Growing up in such an isolated place, I had virtually no language for my experience before I gained access to the internet as a teenager. Then, in 2015, I made a Tumblr account and started getting into fan fiction, which gave me all these new words I could try on, like lesbian or bisexual. I knew I was queer, but still hadn’t figured out my own gender yet, because that was still pretty taboo then. Trans folks existed, but not under the same kind of spotlight we do now. But this meant there was more barriers to accessing essentials like healthcare and a government ID that reflects one’s true gender.

“If trans folks aren’t protected, then even cis queer people who present as gender-nonconforming can be targeted…”
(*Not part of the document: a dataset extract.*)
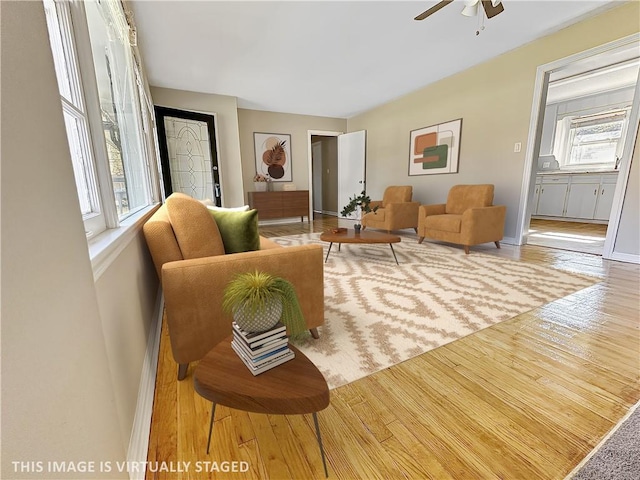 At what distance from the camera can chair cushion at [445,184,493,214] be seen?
3482mm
It’s been great to see awareness of trans people generally grow, but it also means we have tons of legislation being proposed and passed expressly to erode our rights. In the UK right now, we’re finally passing a ban on conversation therapy. However, at the last minute, it was altered to protect only lesbian, gay, and bisexual folks. Transgender people remain vulnerable to this abusive practice. And if trans folks aren’t protected, then even cis queer people who present as gender-nonconforming can be targeted. That’s one of the most frustrating things about the modern TERF “gender critical” movement. These people claim to be feminists, yet they want to impose very rigid gender roles on people, especially those who aren’t cis.

Photo
Photo from Quinn Rhodes

What is a central idea about trans identity that you wish to communicate through your work?
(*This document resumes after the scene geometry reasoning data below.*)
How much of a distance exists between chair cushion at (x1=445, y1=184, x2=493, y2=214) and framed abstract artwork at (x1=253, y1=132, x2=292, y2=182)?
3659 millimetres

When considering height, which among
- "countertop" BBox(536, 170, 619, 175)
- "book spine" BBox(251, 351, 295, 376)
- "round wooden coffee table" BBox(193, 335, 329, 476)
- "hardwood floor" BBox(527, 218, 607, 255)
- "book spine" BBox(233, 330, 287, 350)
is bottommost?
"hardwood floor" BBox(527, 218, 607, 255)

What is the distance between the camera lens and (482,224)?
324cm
To me, I have always been a man. There is a starting point to me figuring out that I’m a man and stepping into my gender. But even coming out was not a one-and-done process. I’ve come out in small ways, to different people, over a very long time. Until I have top surgery, and maybe even after that, I’m going to be correcting assumptions about my gender every time I step into a room. It’s something I think about every minute of every day, how I’m perceived by society. While I’m very exhausted by it, I think there’s value in educating cis folks about trans identity and I’m happy to do it. I just don’t want that work to have to center their feelings. I want to center the feelings of the trans people being fucked over by every system in this country, and frankly, around the world.